Nachhaltige Mode – ein schwieriges Thema

Sich ansehnlich zu kleiden ist das Bedürfnis vieler Menschen auf der Welt. Mit toller Kleidung fühlen wir uns wohl, schützen die Haut vor der Sonne und tragen dazu bei, dass wir Teil der Gesellschaft sind. Doch vor allem in den letzten Jahrzehnten ist uns klargeworden, dass Mode ein mit Problemen behaftetes Thema ist.

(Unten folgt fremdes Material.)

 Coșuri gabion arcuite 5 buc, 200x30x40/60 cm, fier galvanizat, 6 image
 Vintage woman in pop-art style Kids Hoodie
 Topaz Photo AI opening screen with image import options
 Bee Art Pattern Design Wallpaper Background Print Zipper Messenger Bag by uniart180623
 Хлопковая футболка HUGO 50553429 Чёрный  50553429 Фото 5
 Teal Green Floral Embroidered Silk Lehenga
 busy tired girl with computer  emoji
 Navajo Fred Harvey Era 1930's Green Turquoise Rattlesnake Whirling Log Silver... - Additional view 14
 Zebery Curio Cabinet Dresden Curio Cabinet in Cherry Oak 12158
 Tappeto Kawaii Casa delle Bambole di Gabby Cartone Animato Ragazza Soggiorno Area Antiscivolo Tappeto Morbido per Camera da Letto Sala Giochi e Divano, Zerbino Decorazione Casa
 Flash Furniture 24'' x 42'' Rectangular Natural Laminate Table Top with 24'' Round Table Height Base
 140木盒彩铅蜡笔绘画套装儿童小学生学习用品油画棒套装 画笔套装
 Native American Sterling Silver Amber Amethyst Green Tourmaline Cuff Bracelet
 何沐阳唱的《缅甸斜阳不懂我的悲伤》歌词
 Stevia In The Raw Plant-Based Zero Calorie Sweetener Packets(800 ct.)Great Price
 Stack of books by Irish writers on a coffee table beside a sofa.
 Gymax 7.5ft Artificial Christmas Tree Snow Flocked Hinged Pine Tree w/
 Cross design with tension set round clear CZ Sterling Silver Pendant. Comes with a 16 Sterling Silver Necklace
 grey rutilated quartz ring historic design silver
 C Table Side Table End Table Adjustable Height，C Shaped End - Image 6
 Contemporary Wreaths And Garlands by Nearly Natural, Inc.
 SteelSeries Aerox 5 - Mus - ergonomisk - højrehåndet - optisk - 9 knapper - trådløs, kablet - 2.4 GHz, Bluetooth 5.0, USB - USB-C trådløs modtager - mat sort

Vor allem preiswerte Kleidung wird unter schwierigen Bedingungen in der dritten Welt von günstigen Arbeitskräften produziert, die Ressourcen sind oft nicht nachhaltig und die Transportwege sind lang. Bereits zahlreiche Unternehmen und Organisationen haben versucht dies zu ändern. Ansätze mit nachhaltigen Materialien aus der Region sind jedoch meist gescheitert, da die Preise für den breiten Markt viel zu hoch waren.

Nun gibt es ein neues Konzept, welches zwar nicht alle Probleme beseitigen wird, jedoch zu einer Besserung der Situation beiträgt.

Gebrauchte Kleidung aufwerten und wieder in Umlauf bringen

Die Welt der Mode ist schnelllebig und sehr individuell. Was dem einen gefällt, steht der anderen nicht. Hinzu kommt, dass man sich regelmäßig an Kleidung sattgesehen hat und sie im Anschluss vollkommen intakt im Kleiderschrank verstaubt. Hier werden wertvolle Ressourcen gebunden, die dem Kreislauf entzogen sind.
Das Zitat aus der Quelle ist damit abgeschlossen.